--- ACTIVITY ---
Write each entry out again verbatim, pictures excluded.

== RECORDS SUPPLIED

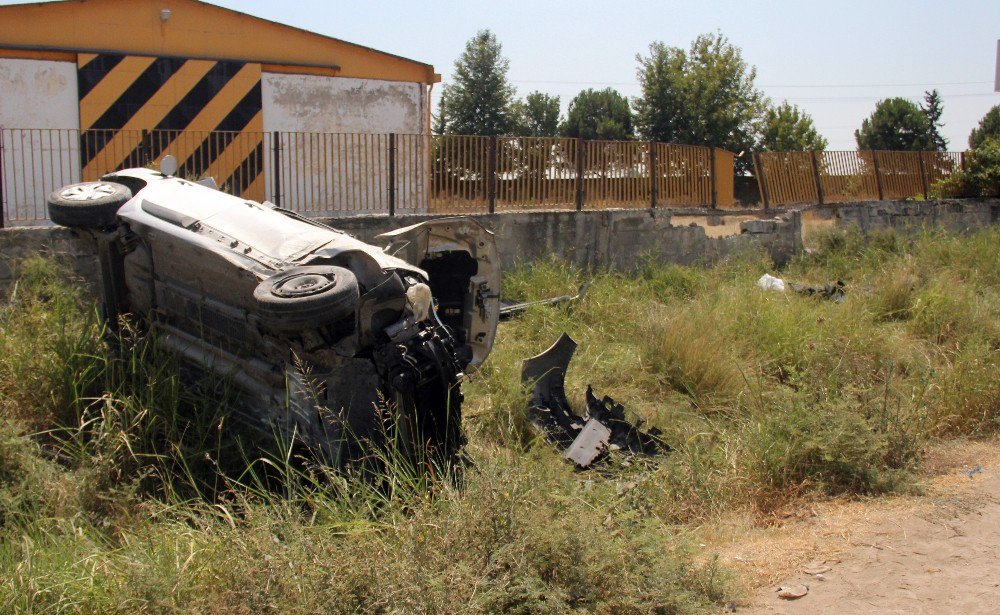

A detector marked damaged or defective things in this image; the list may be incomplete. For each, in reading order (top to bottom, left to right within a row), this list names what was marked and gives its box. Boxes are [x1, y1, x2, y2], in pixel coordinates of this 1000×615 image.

overturned white car [47, 162, 500, 466]
detached car panel [47, 168, 500, 466]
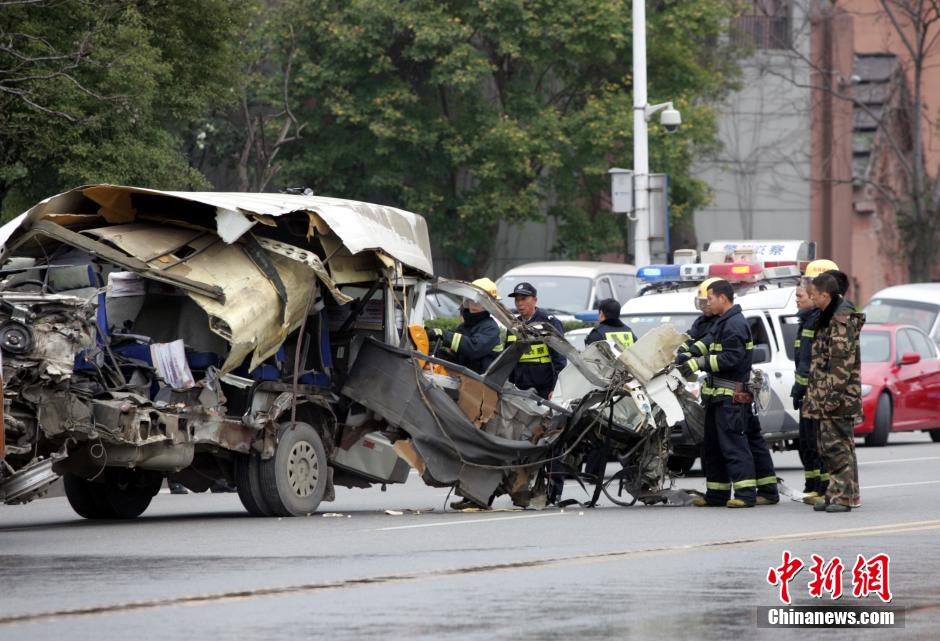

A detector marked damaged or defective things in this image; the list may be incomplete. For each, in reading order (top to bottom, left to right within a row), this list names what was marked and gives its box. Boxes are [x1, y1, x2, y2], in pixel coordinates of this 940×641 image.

wrecked minibus [0, 184, 692, 516]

====

--- ANSWER BELOW ---
A detector marked damaged or defective things in this image; the list may be incomplete. For each, in reading order (top to bottom, left to right within a row), this list names what was marked and gives its box. Boxes are [x1, y1, x2, y2], in pixel coordinates of this 1000×615 image.

overturned white car [47, 162, 500, 466]
detached car panel [47, 168, 500, 466]

A detector marked damaged or defective things in this image; the list may be incomplete. For each, in reading order (top to bottom, left to right within a row), this list names what was marked and gives its box. Boxes are [x1, y1, x2, y2], in pixel coordinates of this 940×641 image.

wrecked minibus [0, 184, 692, 516]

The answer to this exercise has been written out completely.